At South Platte Park, in southwest Metro Denver, a trail meanders along a low ridge on the west side of Eaglewatch Lake. Winding through a landscape of shrubby meadows, lakeside woodlands and groves of cottonwoods, this trail is one of the better avenues for observing woodland songbirds in the south Metro Area.
During the warmer months, yellow-breasted chats are especially common here, delivering their endless sermons from woodland pulpits, their colorful vestments glowing in the bright morning sun; I observed seven of them today, spaced along the ridge. Other common summer residents include gray catbirds, broad-tailed hummingbirds, yellow warblers, Bullock's orioles, western pewees and house wrens; among the permanent residents are great horned owls, Cooper's hawks, northern flickers, cedar waxwings and black-capped chickadees and this lakeside ridge is a magnet for migrant warblers, vireos and other songbirds (e.g. western tanagers) that stop to rest and feed on their way to the mountains.

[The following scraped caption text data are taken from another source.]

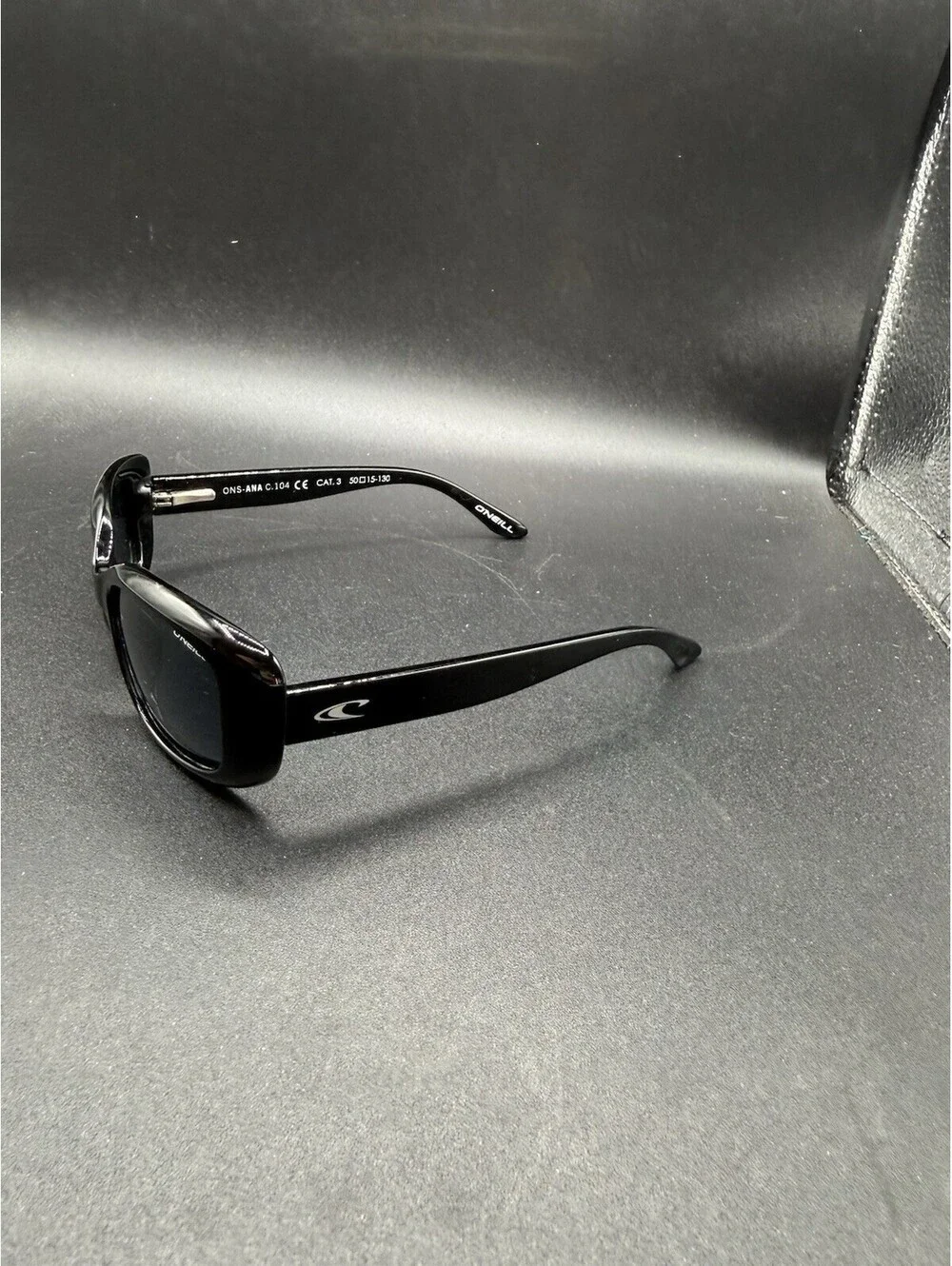 O'Neill Sunglasses Polished Black/Polarized Lenses ONS-ANA C.104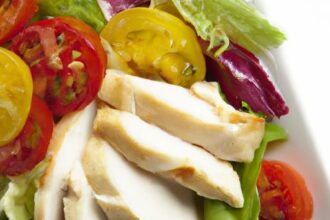 Fresh Flavors: A Guide to Making Chicken Caprese Salad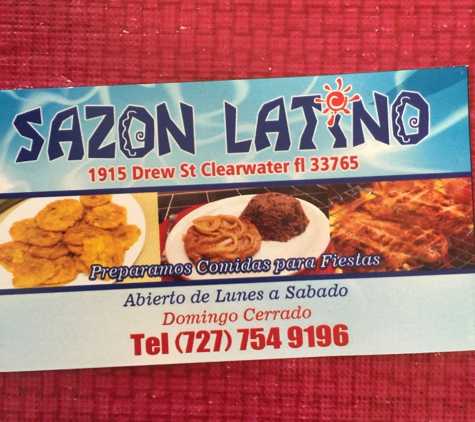 Sazon Latino - Clearwater, FL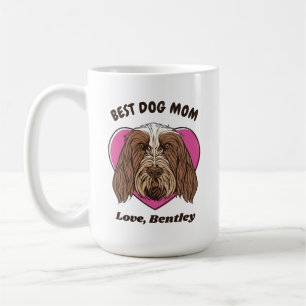 Personlig Italienska Spinone Hund Anpassningsbar T Kaffemugg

In addition, the "chat alley" trail offers broad views of Eaglewatch Lake, which attracts double-crested cormorants, American white pelicans, ospreys, bald eagles, western grebes and a wide variety of waterfowl in the course of the year. The chats may steal the show on summer mornings but this lakeside ridge has much to offer in any season; the trail is best accessed from parking areas near C-470, via the southern Park entrance from Platte Canyon Road.